The Third Hokage sat back in his chair smoking his pipe when Ebisu burst into the room. Sarutobi became startled and nearly dropped his pipe. Ebisu pushed up his glasses. Iruka looked up from his papers at Ebisu's wild movements and flabbergasted babbling. Sarutobi sighed, but for some reason he couldn't quit guess why Ebisu could be so impressed and appauled at the same time.

"Someone just passed the Jounin exam on the first try!" Ebisu finally blabbed, "And he's barely a little boy isn't that amazing?"

Sarutobi's jaw dropped. His pipe clattered to the floor. The paper of glitter Crayon scribbles was in the most familiar handwring he remembered. After all, he'd seen it on the Hokage Monument. As well as any other place that got pranked by this particular ninja.

"Ebisu you are correct that is a little boy's handwriting," Sarutobi stated, "That's Naruto Uzumaki's. I'm afraid you've just found yourself a new Jounin this year.

Ebisu was shocked. Iruka's pursed lips gave his face the perfect impression of a petrified toad. He heard of students growing up fast but this was ridiculous. Meanwhile halfway across the village a procter for the Jounin entrance exam was laughing to his buddies about some guy who filled his test out in crayon. Yet when Ibiki remembered who the crayon scribbler was. Many of his friends in the interrogation department asked if he swallowed a lemon.

Konohamaru snuck into the Hokage's office, took one look at the paper and leaped with joy.

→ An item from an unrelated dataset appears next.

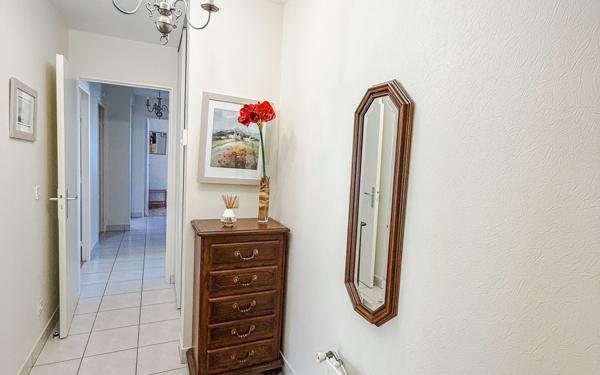 Appartement à vendre    3 pièces • 81,37 m2 Vannes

"Woohoo! Boss made Jounin!" Konohamaru cheered.

"That's not funny," Ebisu muttered.

"Of course it's not it's awesome!" Konohamru gloated, "Maybe he'll be able to teach you something huh Ebisu-sensei?"

Ebisu buttoned his lips. He stood straight up. He politely walked out the door.

"I refuse to call a twelve year old child a colleague," Ebisu spat once out of earshot, "Teaching Honorable Grandson good work ethic is one thing but calling him Naruto-sensei? HA! No way, No more, No how!"